▸ **Exercise description**
In the listing below, find the line with "DOGZ Long Term Analysis for October 22 2025" and the line with "Indicador = (Unidad", then return them and every line between them exactly, minus the pictures.

▸ **Extracted entries**

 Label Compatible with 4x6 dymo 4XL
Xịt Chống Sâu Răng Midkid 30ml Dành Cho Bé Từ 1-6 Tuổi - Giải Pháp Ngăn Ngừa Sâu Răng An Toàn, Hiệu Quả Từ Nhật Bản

...

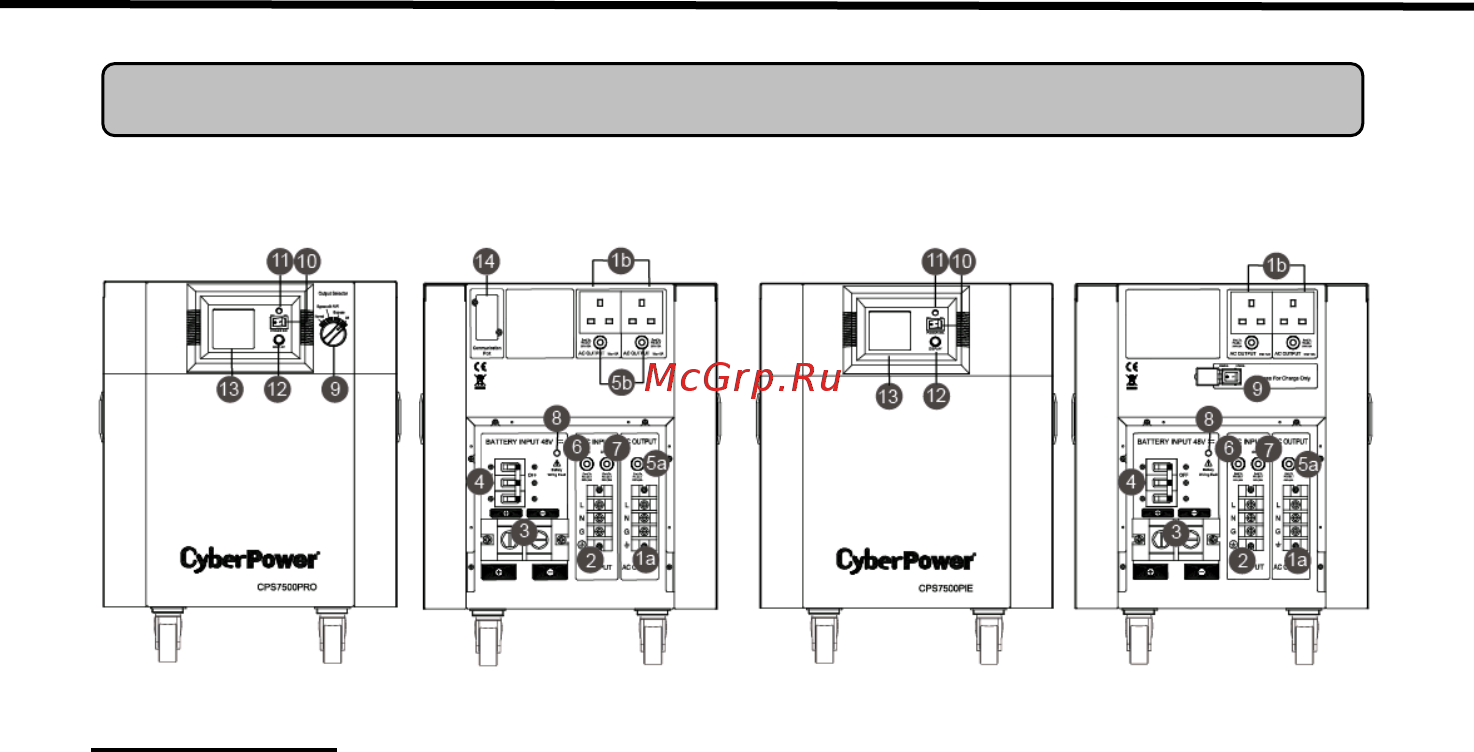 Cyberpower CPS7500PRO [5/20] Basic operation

* * *

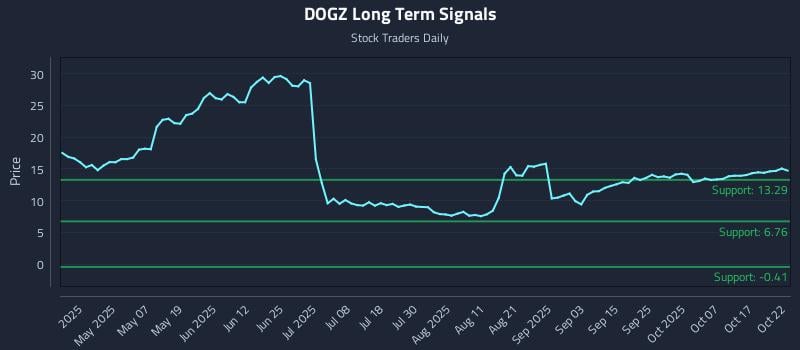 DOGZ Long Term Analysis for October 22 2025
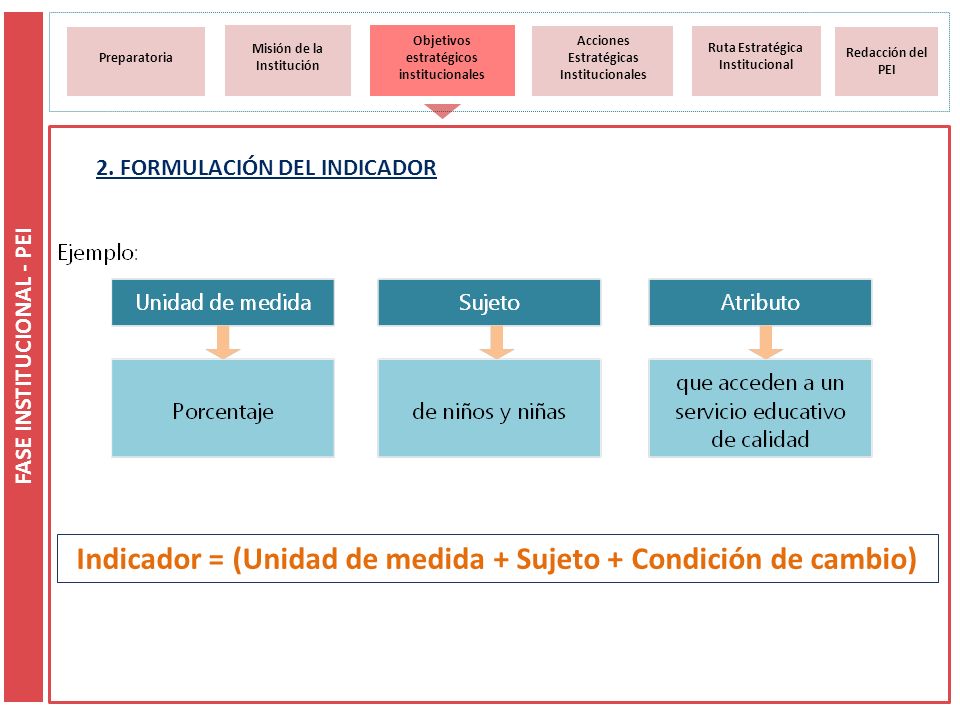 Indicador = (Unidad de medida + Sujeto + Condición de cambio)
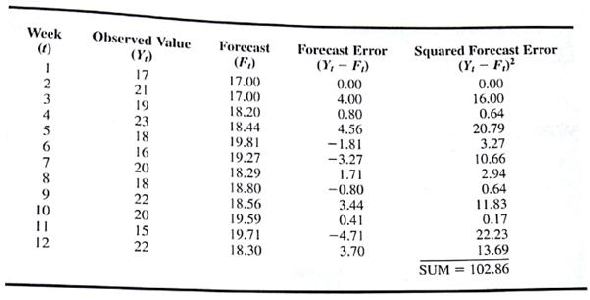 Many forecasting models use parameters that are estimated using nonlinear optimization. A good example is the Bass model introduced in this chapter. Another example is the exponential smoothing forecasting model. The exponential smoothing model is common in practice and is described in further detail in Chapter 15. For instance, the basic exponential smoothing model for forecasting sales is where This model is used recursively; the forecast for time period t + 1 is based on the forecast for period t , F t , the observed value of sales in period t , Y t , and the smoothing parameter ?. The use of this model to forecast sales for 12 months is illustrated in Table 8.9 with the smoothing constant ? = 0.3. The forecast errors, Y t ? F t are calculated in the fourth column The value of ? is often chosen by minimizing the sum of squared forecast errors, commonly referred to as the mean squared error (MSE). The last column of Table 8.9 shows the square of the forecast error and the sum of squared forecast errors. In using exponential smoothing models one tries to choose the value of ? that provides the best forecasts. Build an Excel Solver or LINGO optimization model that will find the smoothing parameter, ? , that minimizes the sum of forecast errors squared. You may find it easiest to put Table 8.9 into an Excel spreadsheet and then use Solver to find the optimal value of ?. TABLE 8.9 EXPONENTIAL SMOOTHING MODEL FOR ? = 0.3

▸ **Exercise response**
 DOGZ Long Term Analysis for October 22 2025
 Indicador = (Unidad de medida + Sujeto + Condición de cambio)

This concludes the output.